Jordanna Wheeler, of Beili Glas, Loughor, Swansea, appeared before Swansea Crown Court having already admitted breaching her suspended sentence. She had been due to be dealt with on Monday but arrived late and was remanded into custody.
The original offence
Wheeler’s suspended sentence stemmed from an incident on August 19 last year when she attended Neath Port Talbot Hospital “demanding to be sectioned” over her mental health.
While speaking with hospital staff, she revealed she had been at a party the day before and consumed a large amount of alcohol before returning home. She told them she then “woke up on the sofa covered in spew” and when she went looking for her dog “I discovered I had battered him to death”.
Staff alerted police, and officers who attended Wheeler’s then-flat in the Penlan area of Swansea found a large brown Mastiff lying unresponsive and clearly dead on its bed in the living room. A “severely deformed” saucepan with dog hair on it was also recovered – the weapon she had used to bludgeon the animal.

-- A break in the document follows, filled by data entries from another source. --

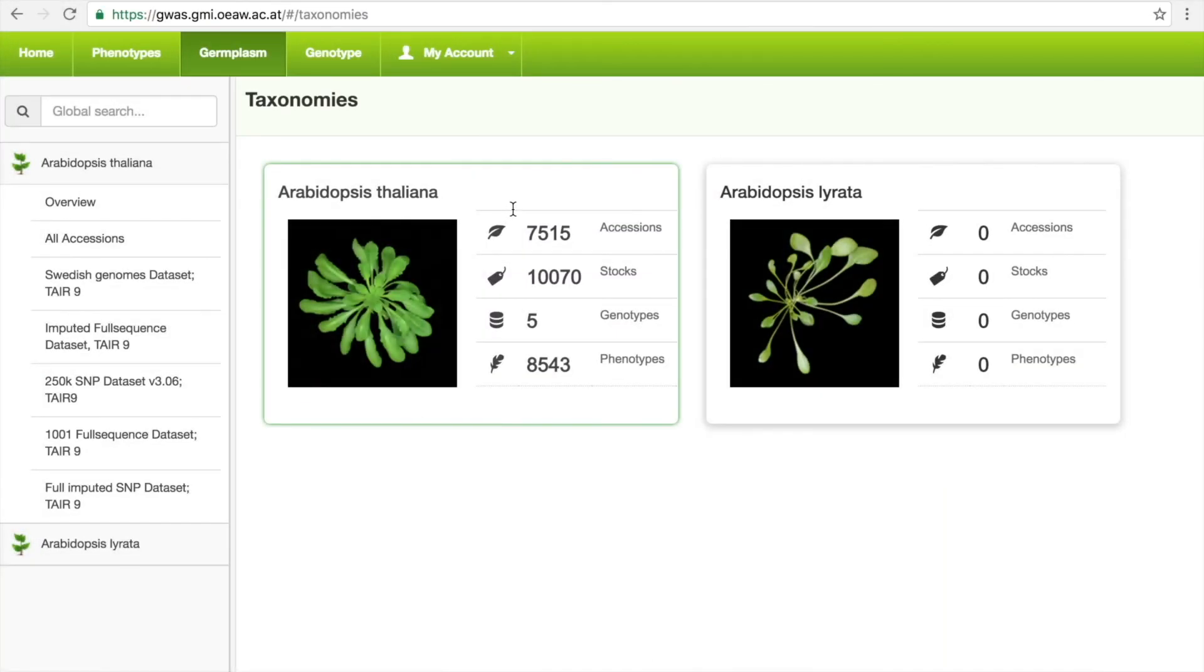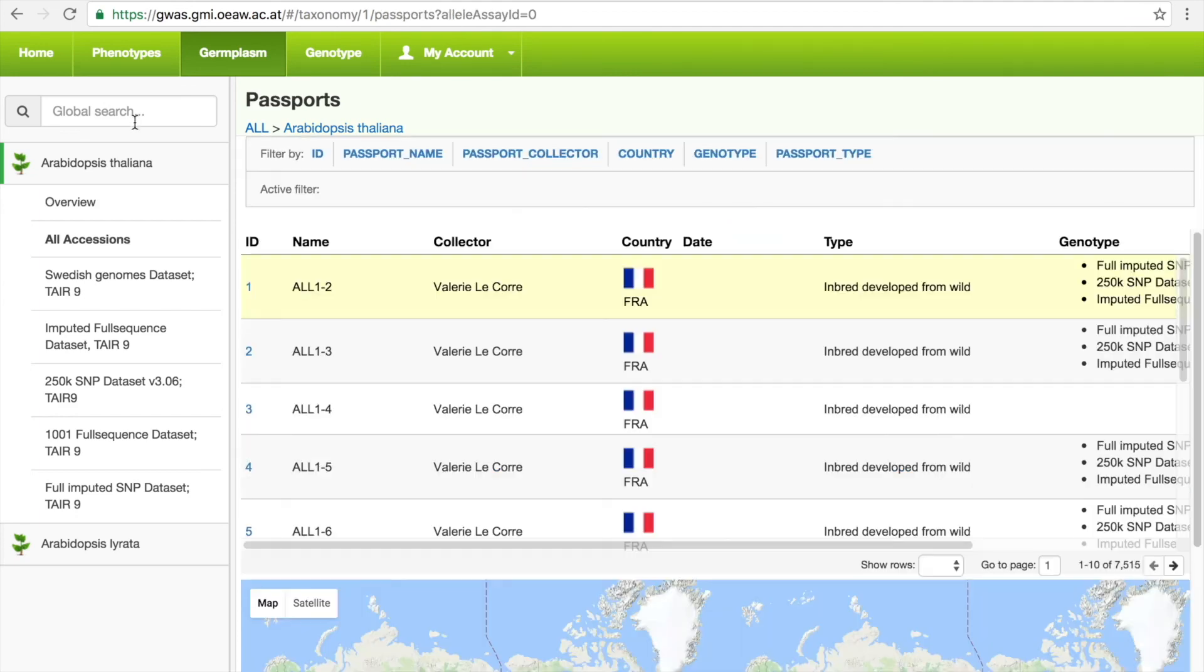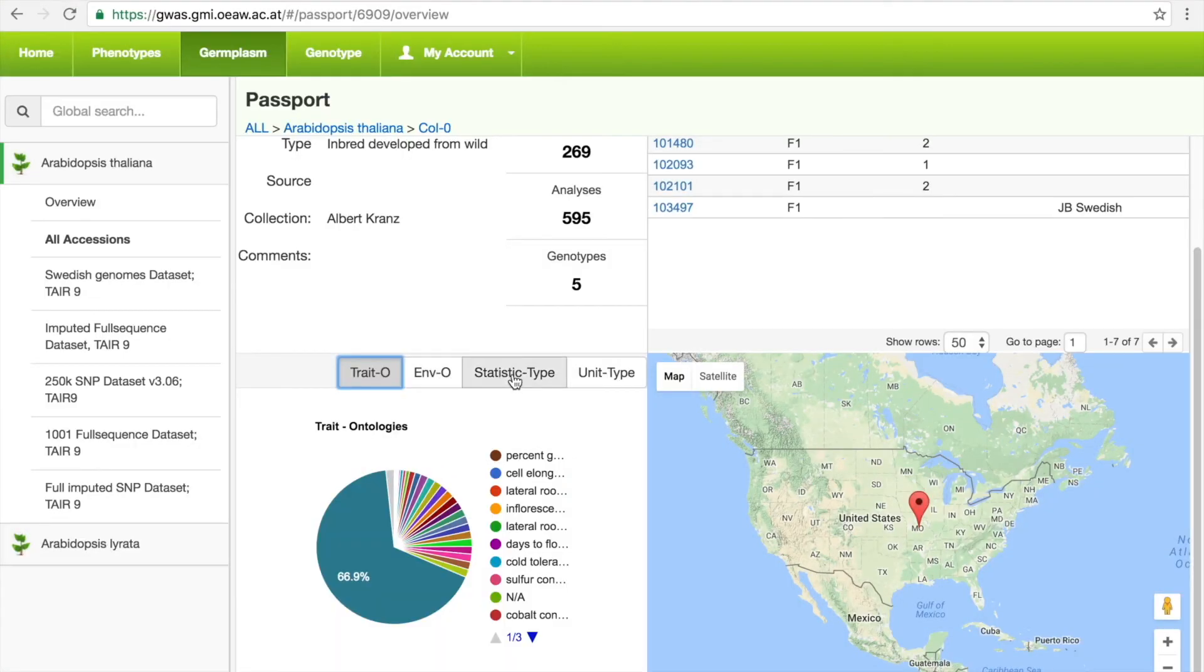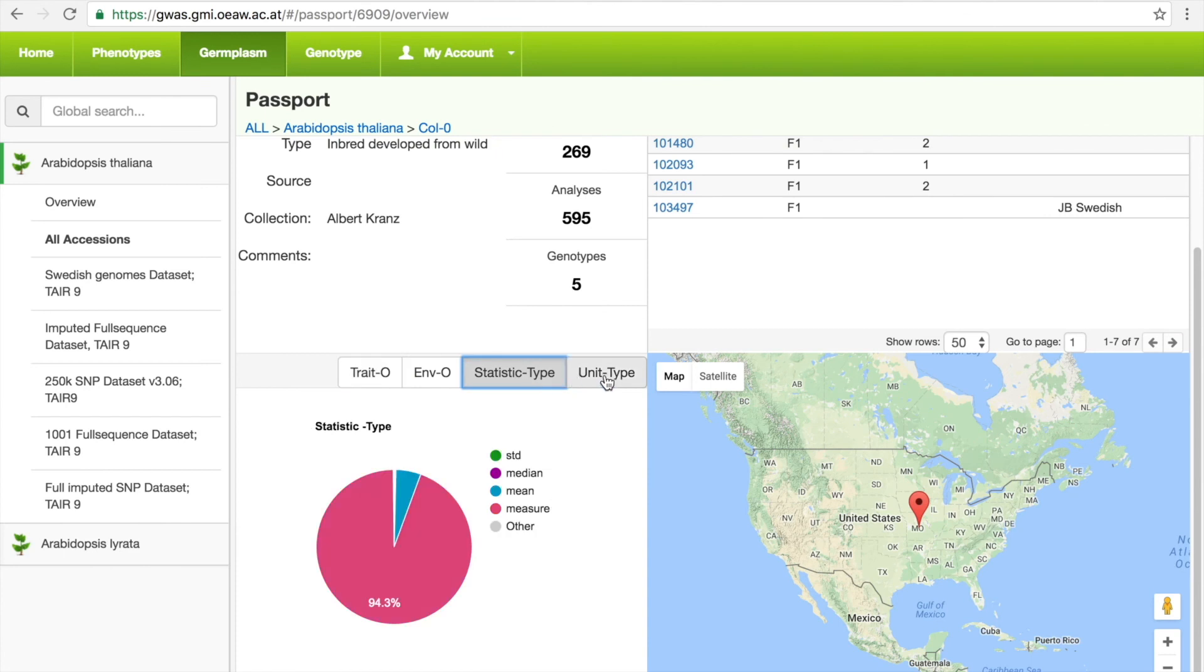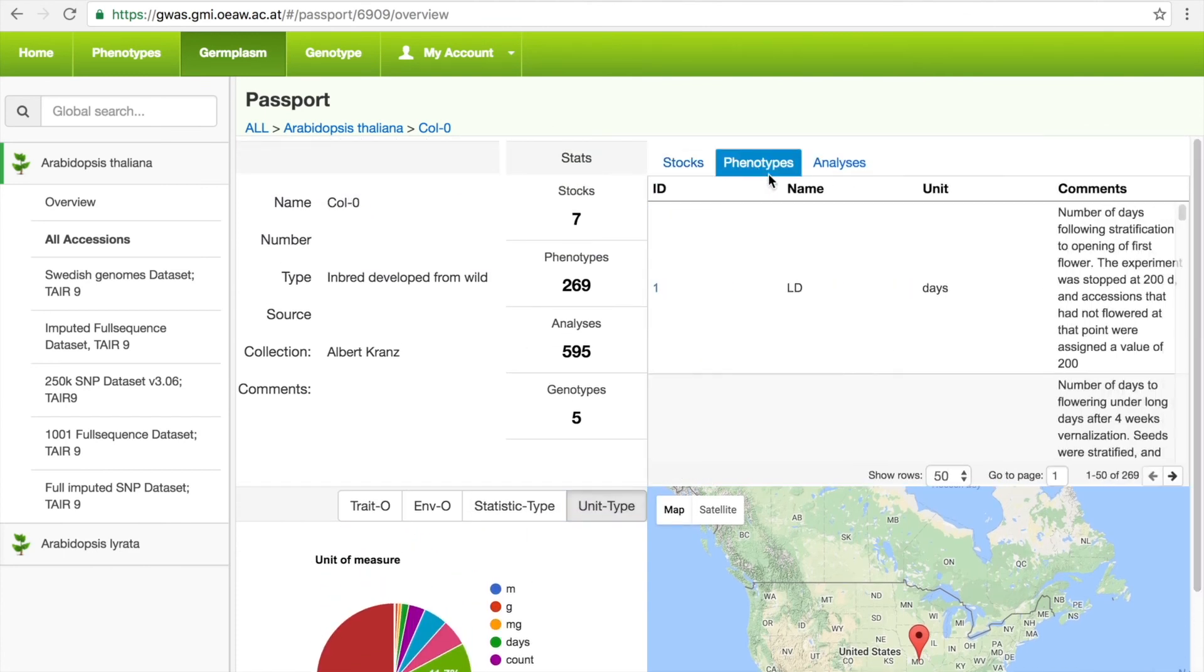As we store all of the studies in a single database, we can also search for individual accessions. One can search for Col-0, for example, to see statistics regarding how many studies it has been involved in, the list of studies and phenotypes, and navigate to a specific one.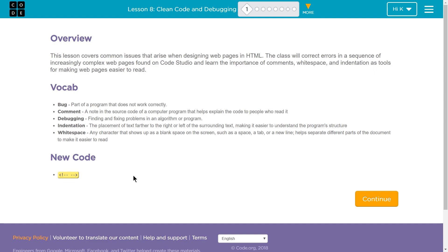Debugging is to fix problems in the algorithm, fix problems with our code. Indention - well, that's just moving the text in and out, spacing-wise. And white space - any characters that show up as blank space on the screen.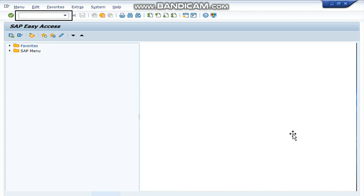Hello everyone. Today in this video, you are going to learn how to release or reject purchase order in SAP GUI.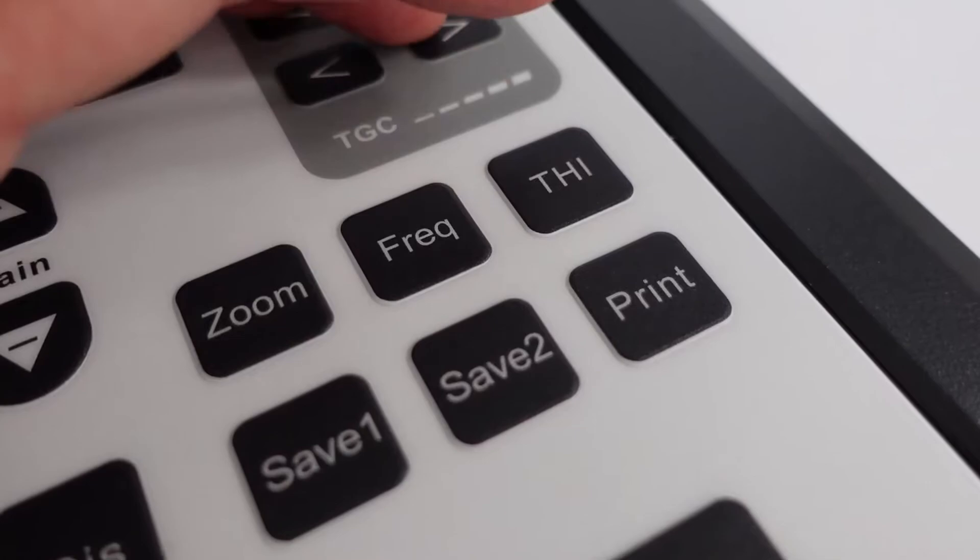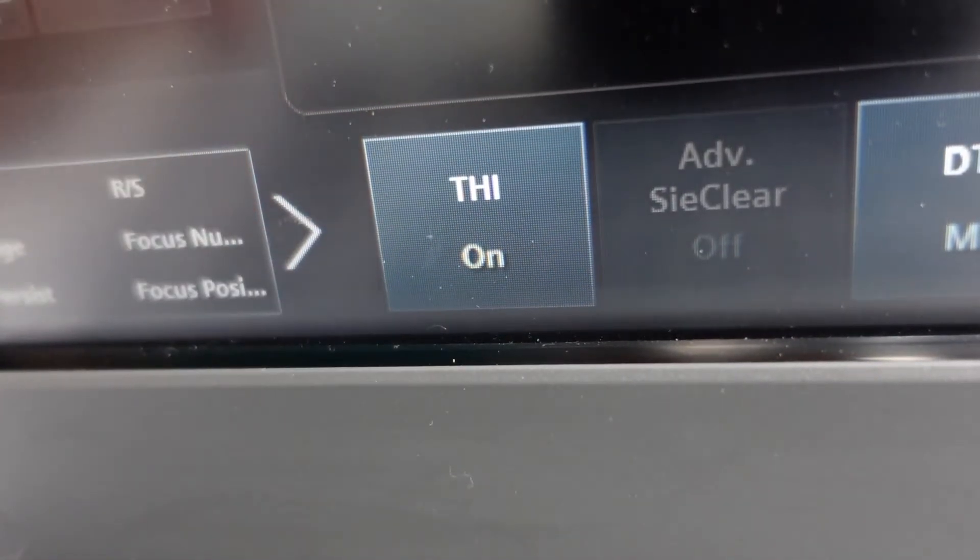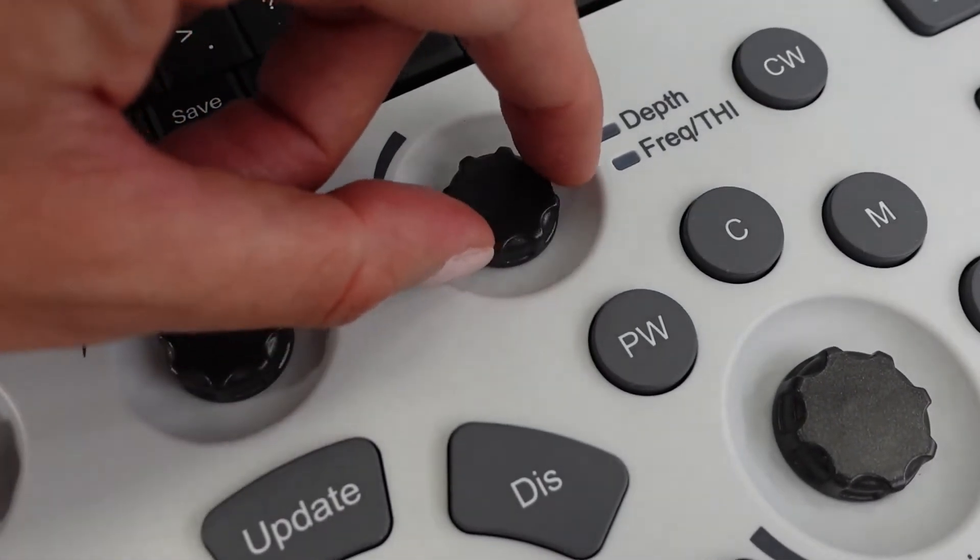Whether or not you are interested in how tissue harmonic imaging actually works, the important thing to understand is the difference it can make to your imaging. To turn harmonics on, you may have a dedicated THI button as found on the Apogee 1000 Lite or the Siemens P500. Or you may have a frequency knob like this on the Apogee 2300, and when you continue rotating it, your scanner automatically jumps into its harmonics range. Take a look next time you scan, as you may even have been scanning with harmonics on the whole time and not even realised it.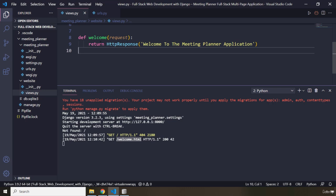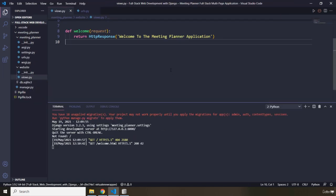That is basically the entire flow or cycle of how a Django application interacts with the Django server — the Django server interacts through an HTTP cycle with the browser, and the browser in turn interacts with the user. This is it for this lecture; see you in the next one.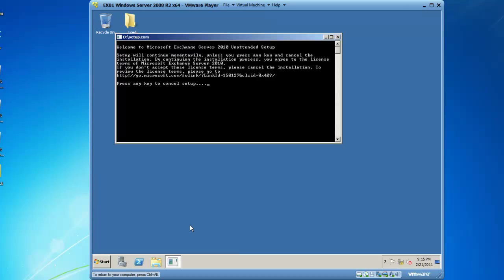And now it's giving me an option to cancel setup, but I'm not going to. I'm going to wait it out and let the schema extension occur. This may take a little bit of time, so I'm going to go ahead and fast forward through this part of it so you can still see what's happening.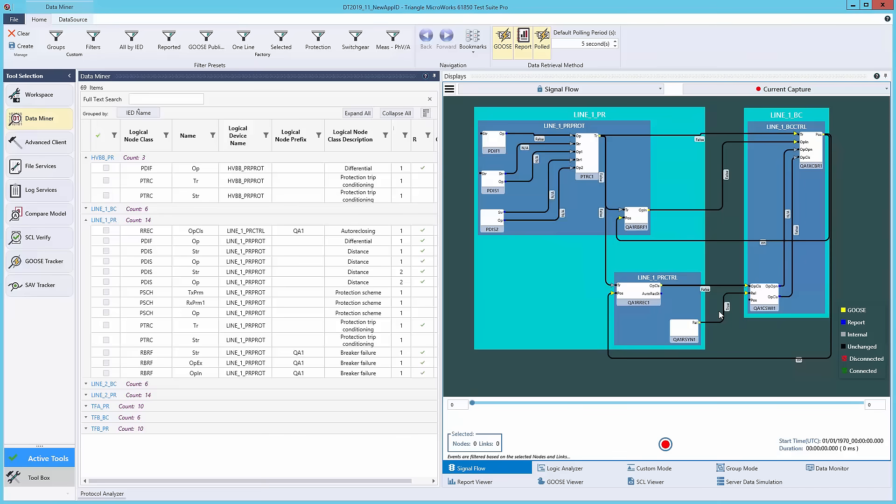In this video we'll be showing off three features of TestSuite Pro: the signal flow diagram, the logic analyzer, and the custom mode.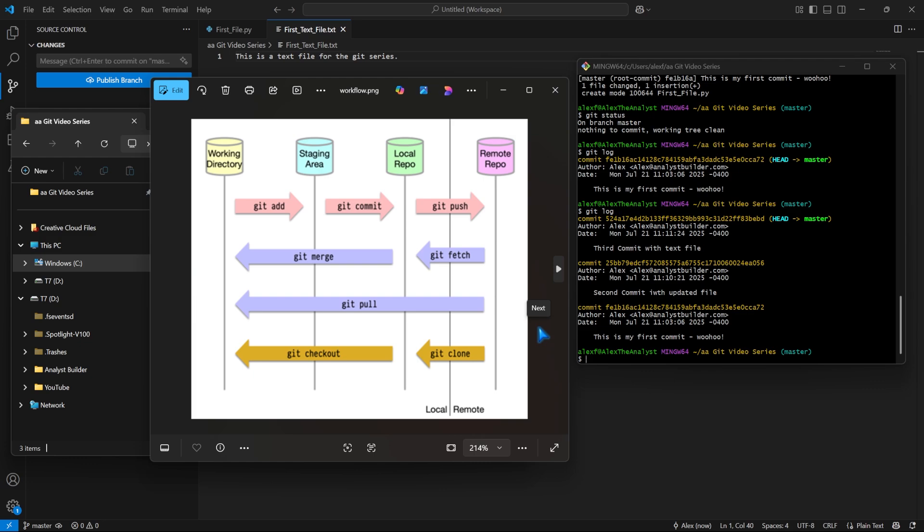Hello, everybody. In this lesson, I'm going to show you how you can revert back to a previous commit. Now, if you haven't been following along, this is about the third video in this Git series.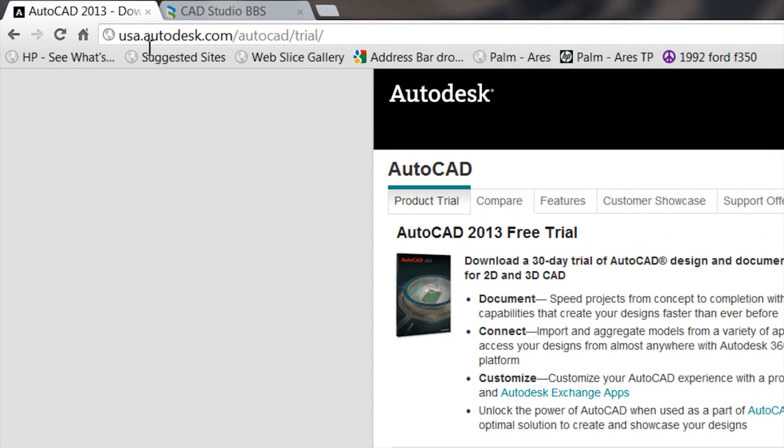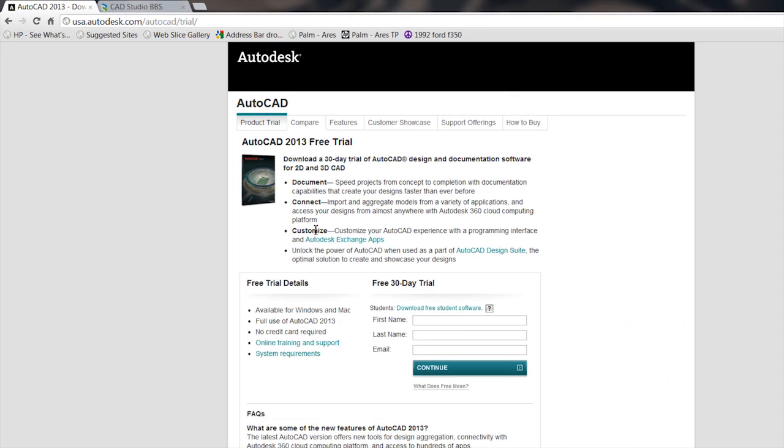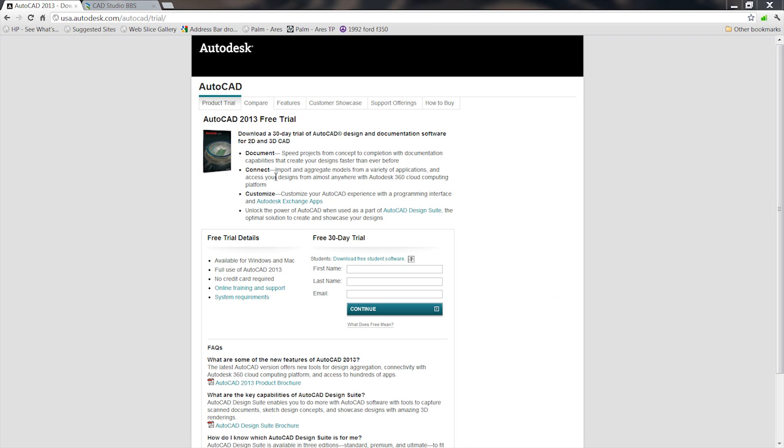They're all openable with AutoCAD, and there are some free viewers out there too. You can go to the AutoCAD website at USA.AutoCAD.desk.com to get to this webpage where you can get a free trial download that will allow you to open and view them.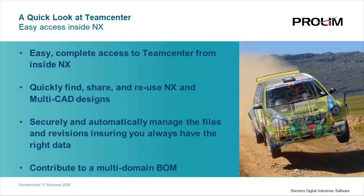Thanks for taking the time to take a quick look at easy access to TeamCenter inside NX. Over the next two to three minutes, you're going to see how easy it is to access TeamCenter from right inside NX.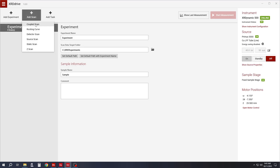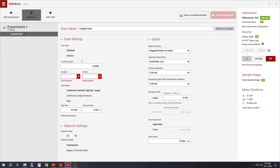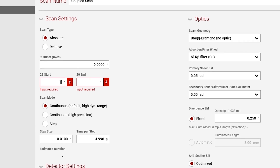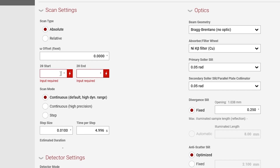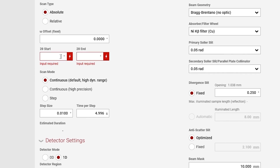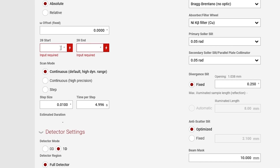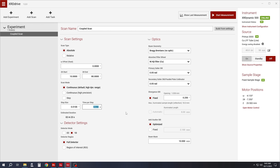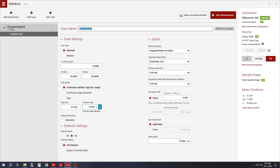In the software we choose coupled scan as the scan type for reflection measurements. Other parameters are set as default values, but can be changed according to sample size and type. Typically, the 2-theta range is adjusted based on the sample type as well. For graphite samples, most peaks will be between 10 to 80 degrees 2-theta. Then we can adjust time per step depending on the quality of the outcome data required.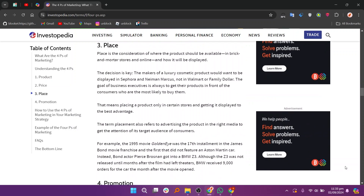Distribution or place involves deciding how and where your product will be sold. Choose the right channels such as physical stores, online platforms, or distributors to effectively reach your target audience. Make sure your product is available in locations where customers are likely to shop, and use efficient distribution methods.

In December last year, Wheeler was sentenced to 16 months in prison suspended for 18 months after admitting causing unnecessary suffering to a protected animal. She was ordered to complete a rehabilitation course, comply with a 120-day alcohol abstinence requirement, and observe a three-month nightly curfew. A 10-year ban on owning any animal was also imposed.
Repeated breaches
The court heard Wheeler showed wholesale disregard for the order in the weeks that followed. She broke her curfew on six separate occasions during January and February, attended none of her rehabilitation sessions, and missed numerous probation appointments without providing an acceptable reason. She also failed to engage with outside agencies offering support.
Alexandra Wilson, representing the Probation Service, told the court Wheeler had shown a “complete disregard” for the order and recommended the original custodial sentence be activated. Wheeler had been open with probation staff that she had left her flat on multiple occasions to visit the pub, go to the park, and take cocaine.
Defence arguments
Sarah John, representing Wheeler, conceded that activation of the original sentence was the likely outcome. She acknowledged that her client’s reasons for breaching the curfew – that she needed to go outside for a walk – was “not one which would hold much weight with the court”.
She told the court Wheeler had begun to engage with probation after breach proceedings were initiated and asked the judge to consider reducing the sentence given her client’s compliance with the alcohol abstinence requirement.
Sentencing
Judge Geraint Walters said that where a suspended sentence is breached, the court is expected to activate it unless doing so would be unjust. He said not only would activation not be unjust in this case, but it could be argued it would be unjust not to activate it.
He added: “Quite frankly, I think you are better off at the moment where you are, not least given the state you arrived in at court on Monday.”
Judge Walters activated 12 months of the suspended sentence. Wheeler will serve up to half in custody before being released on licence to serve the remainder in the community.